« La seule solution? Aller jouer à Baulmes »

« La seule solution? Aller jouer à Baulmes »

La promotion éventuelle du Mont en Challenge League fait d’ores et déjà beaucoup parler d’elle, alors que le deuxième tour n’a même pas commencé. Serge Duperret est bien obligé d’y penser: son club est leader à la trêve, même s’il a perdu trois points sur tapis vert. Avant d’accueillir Kriens le 1er mars pour un match en retard, les Montains comptent trois points d’avance sur le deuxième. S’il faudra gagner la promotion sur le terrain, la bataille devra également se jouer en coulisses. Là aussi, il faudra trouver des solutions.

Le Châtaignier et La Pontaise? Impossible

« Nous avons jusqu’au 22 février pour déposer notre demande de licence pour la Challenge League », explique le président du Mont, bien décidé à retrouver la deuxième division du football suisse. Mais un point est plus épineux que d’autres: celui du stade. Très attaché au Châtaignier, Serge Duperret avait envie d’y rester. « Mais ce n’est même pas envisageable. Il faut 2,5 millions de francs pour le mettre aux normes. Irréalisable, impossible », explique l’homme fort du FC Le Mont. Lors de la saison 2009-2010, la seule de son histoire en Challenge League pour l’instant, Le Mont avait joué à quelques centaines de mètres de là, à La Pontaise. Un déménagement qui n’avait laissé de souvenir impérissable à personne. Le club ne se sentait pas à la maison, et la Ville de Lausanne n’y trouvait aucun avantage, pour ne pas dire qu’elle n’y voyait que des inconvénients. « On a refait une demande pour la saison prochaine, en cas d’accession, mais on nous a répondu poliment que les terrains seraient sur-occupés si l’on venait à La Pontaise », continue Serge Duperret. Et il y a un risque, quand même, que le LS et Le Mont évoluent dans la même ligue l’an prochain. Ce ne sera pas dans le même stade, c’est désormais une certitude.

« On ferait revivre ce stade »

Exeunt donc Le Châtaignier et La Pontaise.

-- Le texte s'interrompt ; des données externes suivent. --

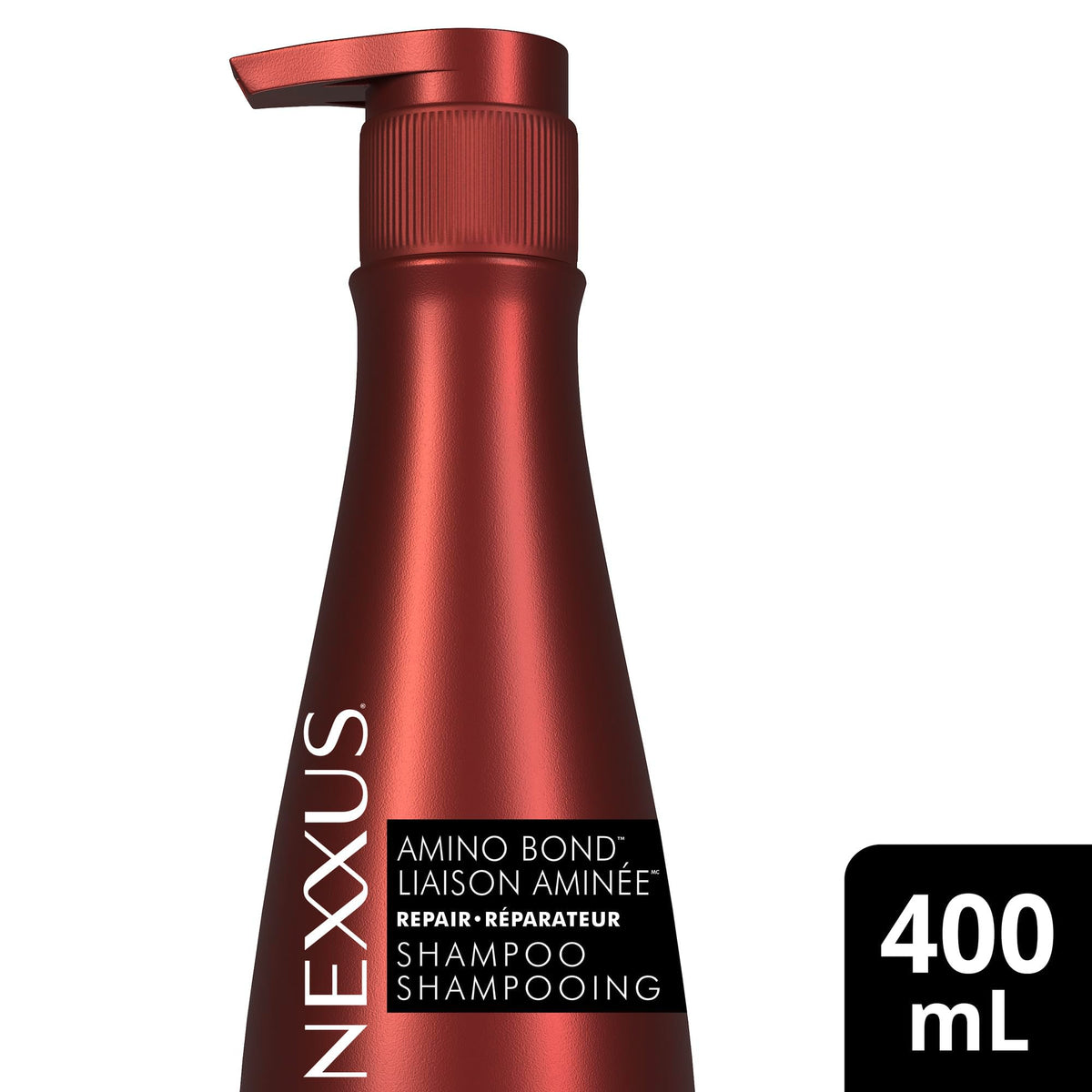 Nexxus pump and label detail highlighting HYDROLINK BONDER benefit clarity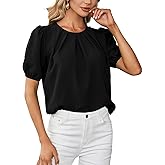 OPOIPIN Women's Pleated Crew Neck Puff Short Sleeve Blouse Shirt Top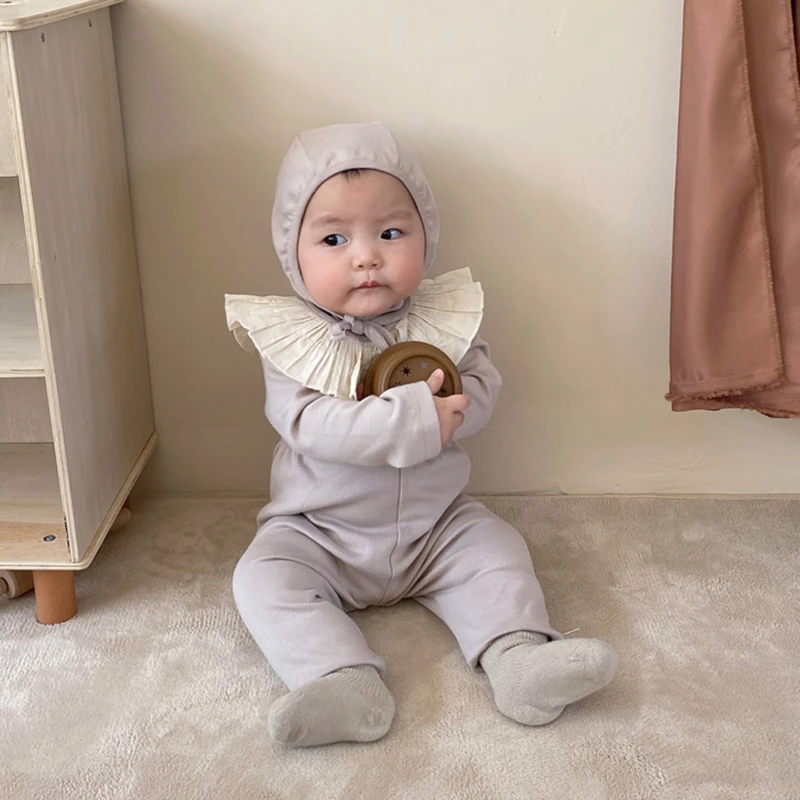 

3Pcs/Set Newborn Baby Girl Clothes Infant Outfits Clothing Autumn Spring Baby Girl Romper + Overall Pants Girl Clothing Sets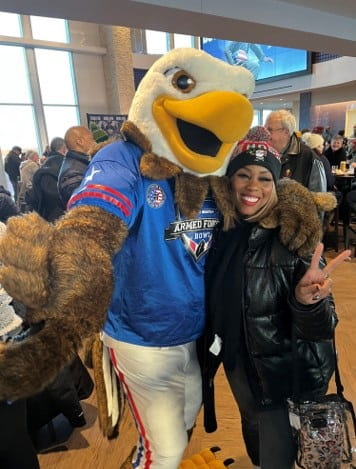 Tamiko at the 2022 Armed Forces Bowl Game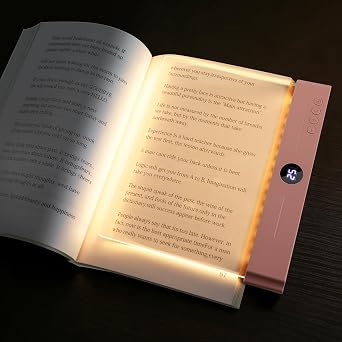 Book Light, Rechargeable Clear LED Flat Reading Light for Reading in Bed at Night with 3 Colors & Timer, Dimmable Full Page Panel Plate Lamp, Bookish Gifts for Readers Kids Women Men Pink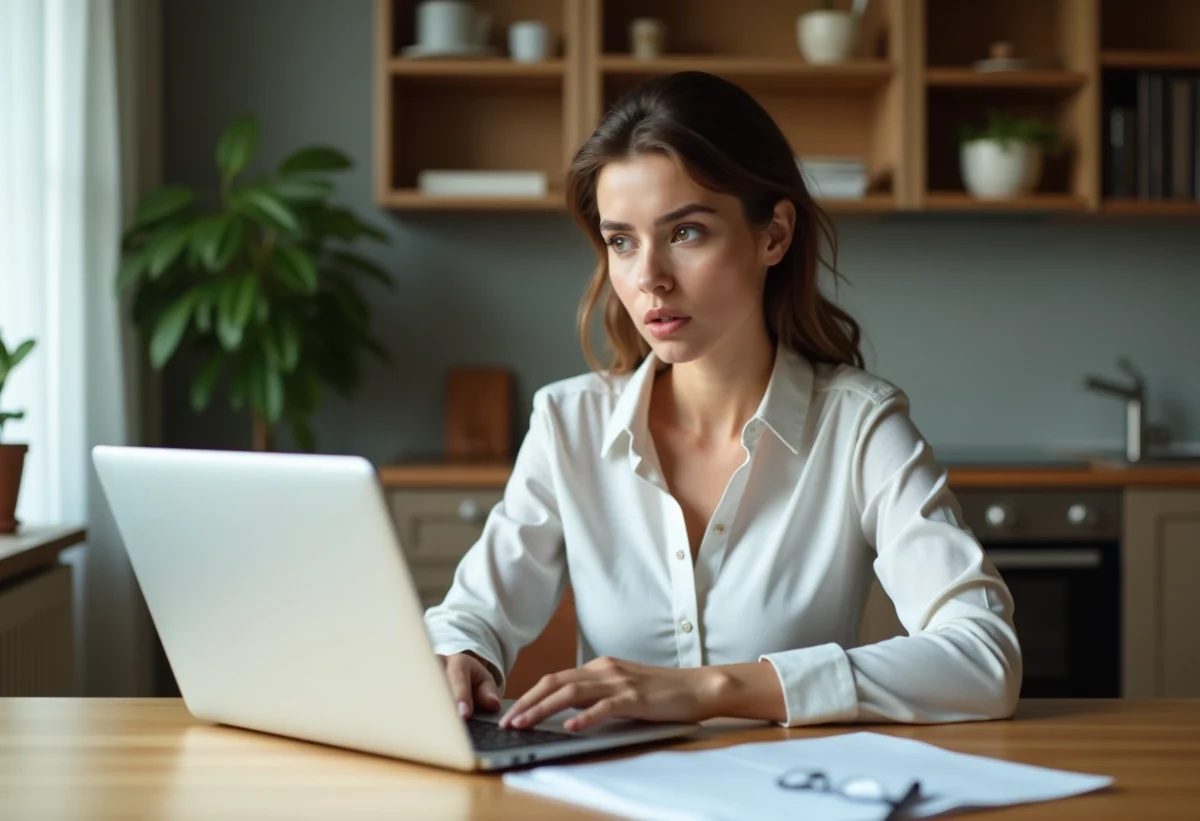 Jeune femme en cuisine avec contrat et ordinateur pour louer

Il ne reste donc plus que peu de solutions. « En fait, c’est simple, il y en a deux. Nyon et Baulmes », détaille Duperret. Et sa solution privilégiée? « Nyon, je n’y pense pas, on ne va même pas essayer. On discute avec Baulmes, pour plusieurs raisons. La première, c’est que ce stade doit revivre! Il est aux normes de la Challenge League, et la meilleure qui y joue est en 2e ligue. C’est dommage, même si on ne va pas refaire l’histoire. On serait bien là-bas, on ferait repartir le foot dans cette commune et cette région. Et moi qui suis un enfant d’Yverdon, j’ai des attaches affectives avec le Nord vaudois. » Yverdon, justement, y a-t-il pensé? « Oui, mais le stade n’est plus aux normes de la Challenge League. » Le Stade Sous-Ville de Baulmes semble donc être l’option prioritaire.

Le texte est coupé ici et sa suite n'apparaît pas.